** RECORDS TO PROCESS follows **

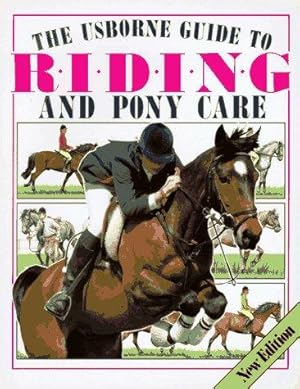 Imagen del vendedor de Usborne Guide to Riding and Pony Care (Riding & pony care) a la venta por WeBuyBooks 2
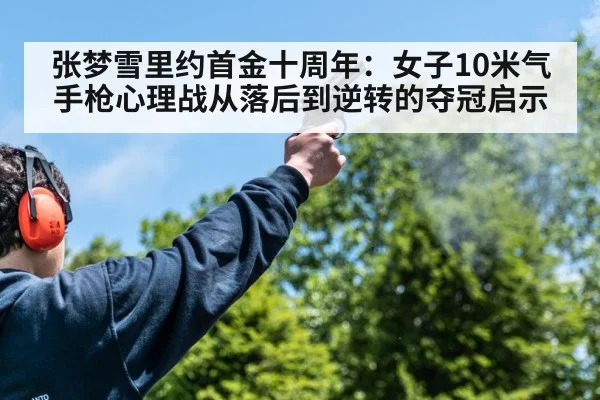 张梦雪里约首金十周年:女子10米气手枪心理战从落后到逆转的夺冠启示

** End of RECORDS TO PROCESS **
** RECORDS TO PROCESS follows **

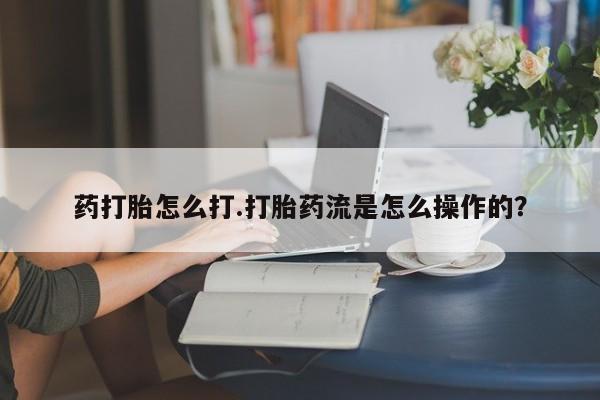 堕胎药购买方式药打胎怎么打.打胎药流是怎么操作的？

** End of RECORDS TO PROCESS **

--- WHAT NEEDS TO BE DONE ---
In the listing above, find the line with "Imagen del vendedor" and output every line through the one with "张梦雪里约首金十周年:女子10米气手枪心理战从落后到逆转的夺冠启示", exactly, without the pictures.

--- TASK ANSWER ---
 Imagen del vendedor de Usborne Guide to Riding and Pony Care (Riding & pony care) a la venta por WeBuyBooks 2
 张梦雪里约首金十周年:女子10米气手枪心理战从落后到逆转的夺冠启示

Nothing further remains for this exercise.